Cuando veía a la gente que se congregaba en las iglesias tras la masacre de Newtown, y al escuchar estos días los relatos de los héroes de la maratón de Boston, salía a la luz una segunda respuesta, una fuente distinta de la que manan la dignidad y la fuerza. Superando nuestro habitual individualismo americano, hemos dejado de afrontar solos estos hechos. Inmediatamente nos hemos reconocido unos a otros como hermanos, como una compañía en camino; no ya separados por nuestras tendencias, sino unidos en torno a una experiencia común, hemos optado por algo en lo que todos creemos: frente a una crueldad brutal, ayer igual que hoy, hemos optado por la vida.
La auténtica posibilidad para recuperarnos nace de la pertenencia a una compañía viva que testimonia el bien y el amor que todos anhelamos. Esta es la contribución fundamental que toda experiencia de fe vivida en comunión puede ofrecer a nuestra sociedad.
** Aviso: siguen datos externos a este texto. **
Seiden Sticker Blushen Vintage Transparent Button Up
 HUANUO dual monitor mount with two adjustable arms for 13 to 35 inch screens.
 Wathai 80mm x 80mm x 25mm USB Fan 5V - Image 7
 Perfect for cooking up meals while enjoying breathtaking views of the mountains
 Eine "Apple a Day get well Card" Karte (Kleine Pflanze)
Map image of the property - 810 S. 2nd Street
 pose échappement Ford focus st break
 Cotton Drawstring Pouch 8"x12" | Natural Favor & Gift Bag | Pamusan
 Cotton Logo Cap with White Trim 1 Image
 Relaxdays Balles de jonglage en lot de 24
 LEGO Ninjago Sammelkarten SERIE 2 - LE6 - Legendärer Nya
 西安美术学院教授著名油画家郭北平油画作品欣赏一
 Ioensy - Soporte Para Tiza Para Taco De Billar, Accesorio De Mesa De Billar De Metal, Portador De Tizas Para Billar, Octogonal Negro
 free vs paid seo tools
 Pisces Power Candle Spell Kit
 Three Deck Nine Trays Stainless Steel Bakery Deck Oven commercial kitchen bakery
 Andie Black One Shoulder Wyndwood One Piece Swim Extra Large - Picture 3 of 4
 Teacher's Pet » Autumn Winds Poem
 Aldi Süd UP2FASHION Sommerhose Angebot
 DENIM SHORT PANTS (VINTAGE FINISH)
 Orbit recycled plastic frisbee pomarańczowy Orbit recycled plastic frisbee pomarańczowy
Desde aquí podemos empezar a construir una sociedad que refleja nuestros deseos más profundos, como recordó el cardenal O’Malley en su homilía, acogiendo «los hechos del lunes como un desafío y una oportunidad para trabajar juntos con un renovado espíritu de determinación y solidaridad, firmemente convencidos de que el amor es más fuerte que la muerte». Esta convicción no la alcanzamos nosotros solos, simplemente como fruto de nuestro compromiso, por nuestra disciplina o por nuestro esfuerzo. La posibilidad de volver a empezar, esta respuesta incesantemente positiva, sólo puede nacer de una compañía que vive la vida de todos los días como una heroica lucha por el Bien.
Hemos aprendido mucho. No lo olvidemos.